(Captioned web image data)
*** Block opens ***

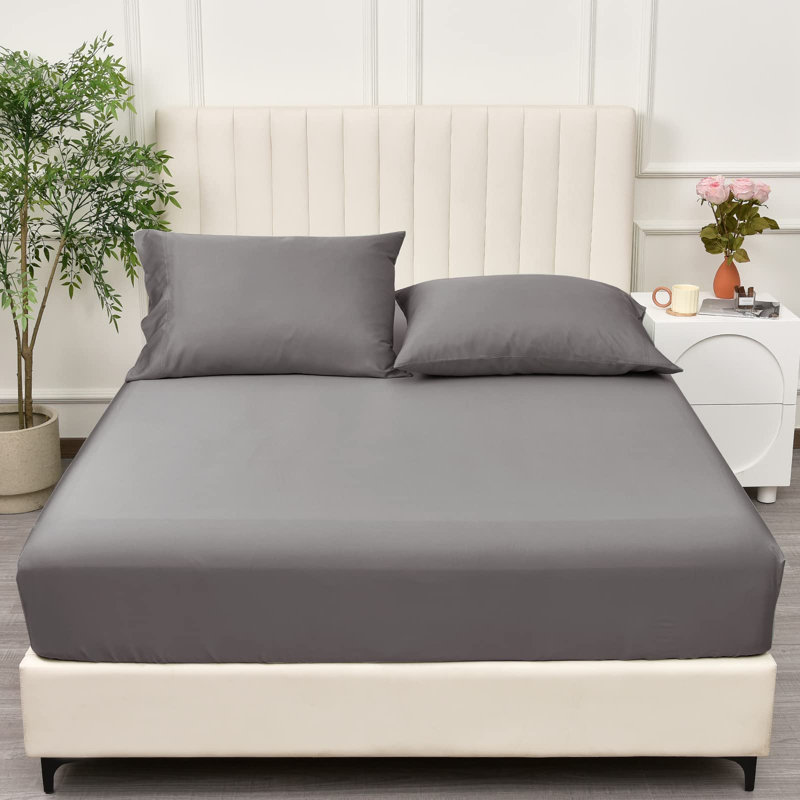 PHF 100% Rayon Derived from Bamboo Fitted Sheet, 16" Deep Pocket,2.5cm Wider Strong Elastic Easy Fit, Breathable Silky Soft Skin-Friendly for Hot Sleeper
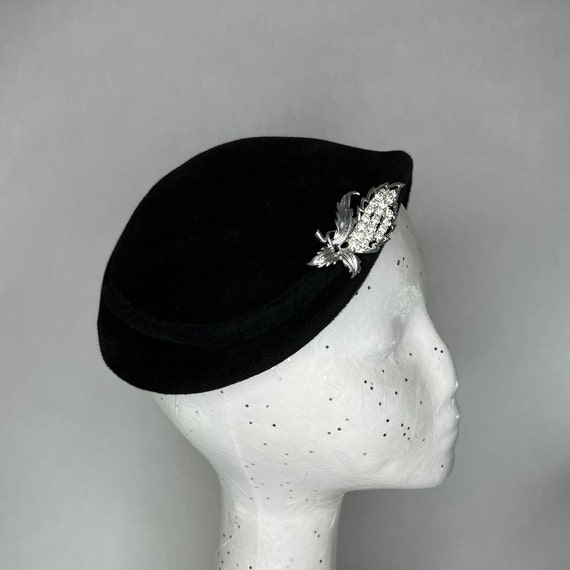 Young Towner’s Hat Shop Black Felt Vintage Hat wi… - image 2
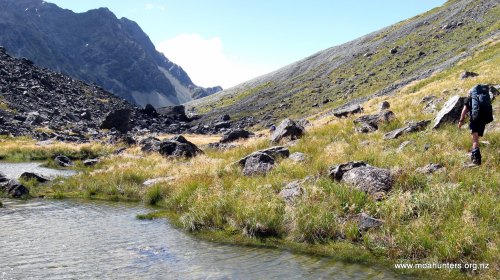 Tarns below Whitcombe pass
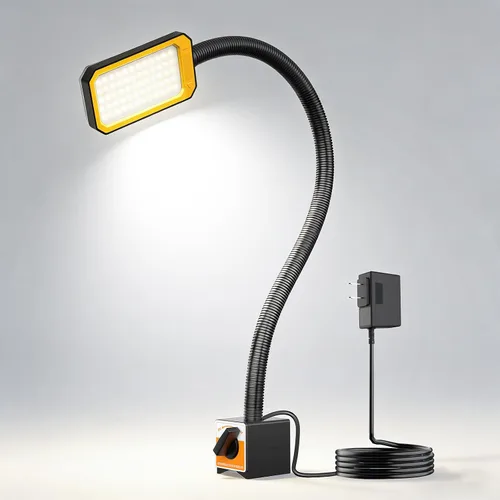 Vista 7 de Luz de trabajo magnética LED, 15W de alta luminosidad, lámpara de cuello de cisne flexible con base magnética fuerte para torno, fresado, prensa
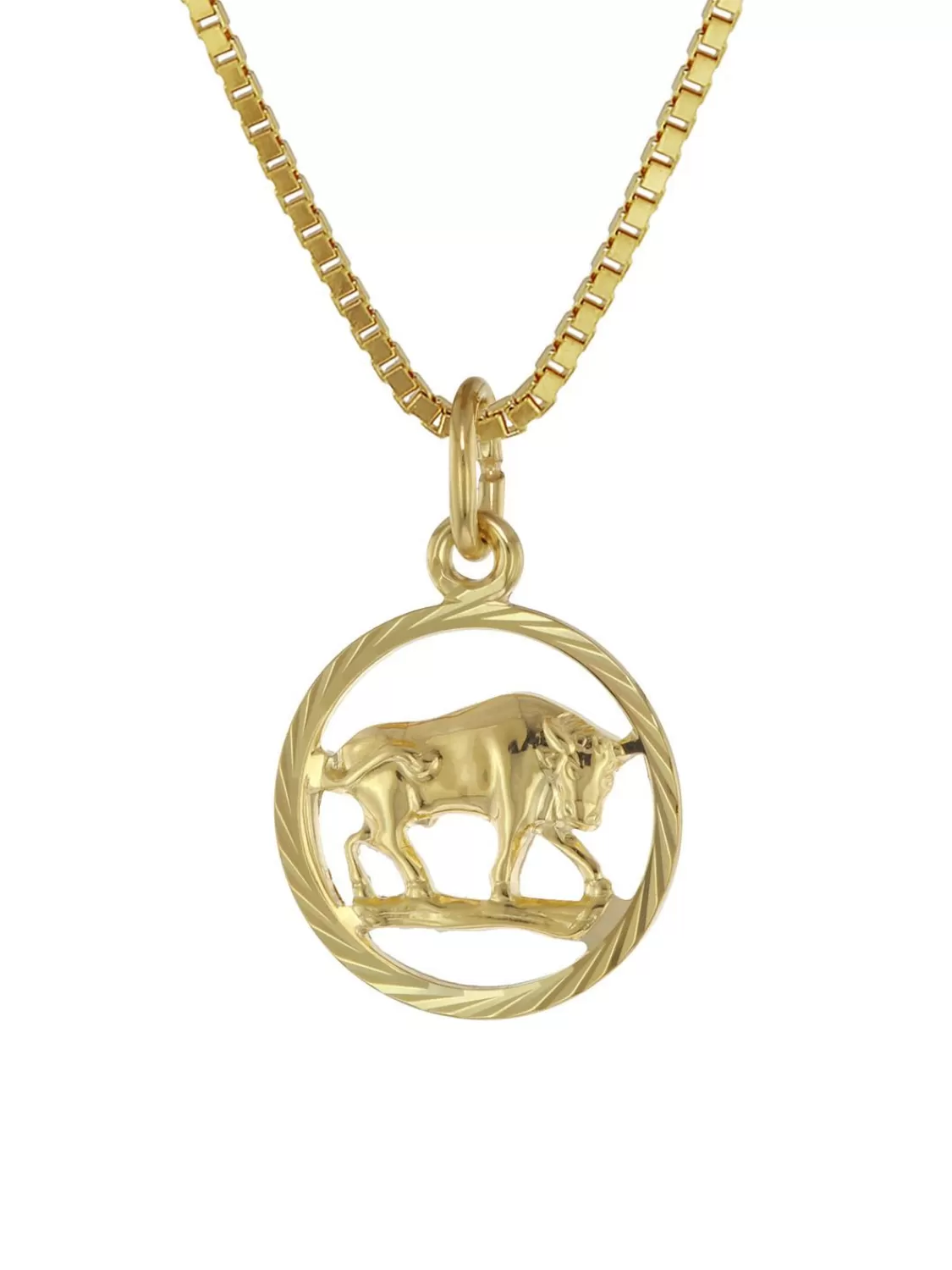 trendor Kinder Sternzeichen Stier 333 Gold + Goldplattierte Kette | Kinderschmuck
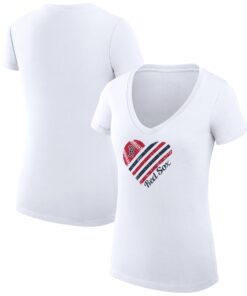 Women's Boston Red Sox  G-III 4Her by Carl Banks White Heart V-Neck Fitted T-Shirt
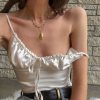 Last Day Promotion 50% OFF - 🔥Women's Silk Satin Camisole V Neck Sleeveless Straps Shirt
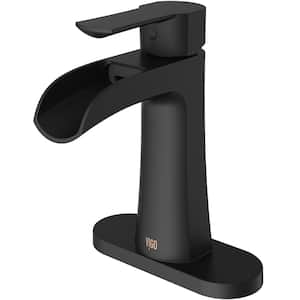 Paloma Single Handle Single-Hole Bathroom Faucet Set with Deck Plate in Matte Black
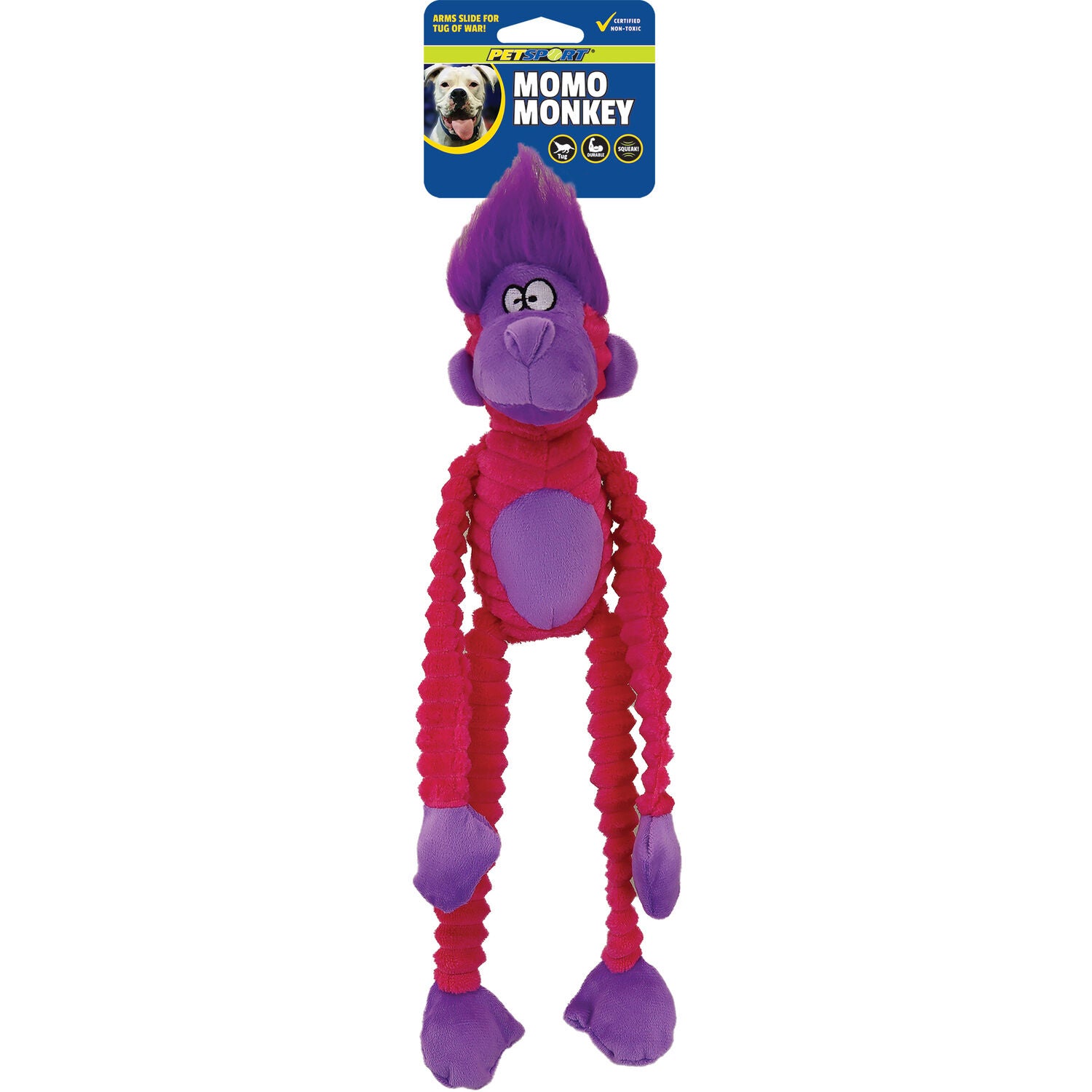 Petsport Momo Monkey Durable Plush Squeaky Dog Toy, 14", Assorted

*** Block closes ***

About this task | Nothing but the lines from the one containing "Vista 7 de Luz" through the last line of the data should appear in the answer, copied exactly, with pictures excluded.

Result for this task |
 Vista 7 de Luz de trabajo magnética LED, 15W de alta luminosidad, lámpara de cuello de cisne flexible con base magnética fuerte para torno, fresado, prensa
 trendor Kinder Sternzeichen Stier 333 Gold + Goldplattierte Kette | Kinderschmuck
 Women's Boston Red Sox  G-III 4Her by Carl Banks White Heart V-Neck Fitted T-Shirt
 Last Day Promotion 50% OFF - 🔥Women's Silk Satin Camisole V Neck Sleeveless Straps Shirt
 Paloma Single Handle Single-Hole Bathroom Faucet Set with Deck Plate in Matte Black
 Petsport Momo Monkey Durable Plush Squeaky Dog Toy, 14", Assorted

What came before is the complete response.